Using the new painting system – Hobby Progress 25/07/19

After two-ish months away from painting I am feeling a bit rusty but a lot has changed during my short break from the hobby.

Citadel revamped their paints range, releasing Contrast Paints into the wild. Which are essentially a base coat and highlight layer in one. Citadel also threw a couple of new painting standards at hobbyists at the same time too. Now instead of, “Done” and “Not Done” we have, “Battle Ready” and “Parade Ready.”

Parade Ready is the traditional completed model painted to a high standard with all its highlights, washes, basing, etc. Battle Ready is just your core colours and a basic basing pass, typically achieved with the new Contrast Paints. Perfect for people just getting started in the hobby and/or wanting to get things onto the gaming table ASAP.

I wanted to get to grips with the new paints and standards. So I set myself a mission: Get the Sylthaneth from the Looncurse box Battle Ready as quickly as possible.

I am very happy to say the mini challenge was a success! I now have a small Battle Ready Sylthaneth army that looks good. Really good. Without doing any highlighting or other work…yet. That will come later because I can’t help myself.

There is definitely a learning curve to using Contrast Paints. They’re like washes but not. They do the usual pooling in recesses but the thicker, somewhat sticker pigment means they also pool in any curves in a model. Which is how they achieve their layer + highlight effect.


You can get good results fast and I’ll be using them a lot going forward to get the base colours of my models sorted. Then using more traditional painting techniques on top of them to get them to Parade Ready standard.

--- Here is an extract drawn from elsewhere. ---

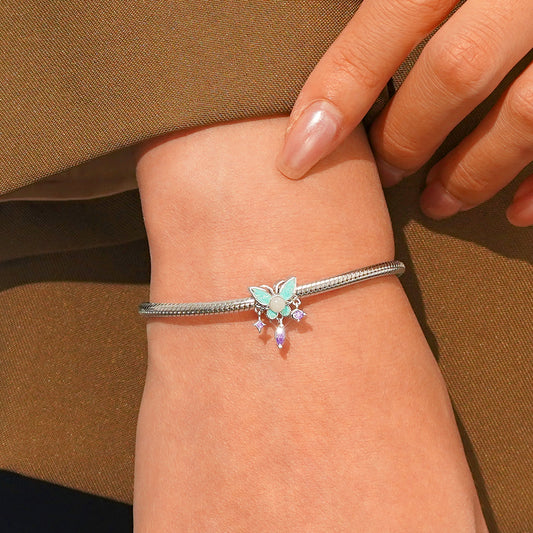 Gnoce Glow-in-the-Dark Butterfly Charm_6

Here’s a few tips I’ve got after using Contrast Paints for a few hours:

  1. The “One Thick Coat” approach is for beginners – “One Controlled Coat” is for more experienced painters.
  2. Paint in reverse – Paint the lighter colours on your mini first because the darker Contrast paints completely cover lighter ones.
  3. Shake the pot regularly – It may have just been the apocalyptic heat in the UK at the moment but I found I was giving my Contrast paints a good shake every 10mins or so to keep the paint’s viscosity consistent.
  4. Paint from recesses – Put your blob of paint in a natural recess on your model then manipulate the paint out and away from it to help avoiding it pooling in weird places.
  5. You will have to do touch up passes – Bits you will miss and mistakes stand out a lot more because you need to use a lighter undercoat when using Contrast. No biggie but you have to roll with the punches a bit more
  6. They are fun to experiment with – You can quickly reverse any bad work by painting over it with one of the Contrast base paints. You can play around without worrying you are ruining hours of work.
  7. Blending with them is super easy – Seriously just load up two brushes and quickly apply one then the colour you are blending into. Speed is the key here but the results are amazing. (See the green to brown blend I did on the antlers of my Kurnoth Hunter below)

So yeah, I’m a believer in the new Contrast range. They are a good beginners tool and way to get people excited about painting miniatures. They are also a really useful for getting block colours onto models. Ready to be spruced up with more traditional painting methods.

Hopefully this means I will be finishing a lot more painting projects in future!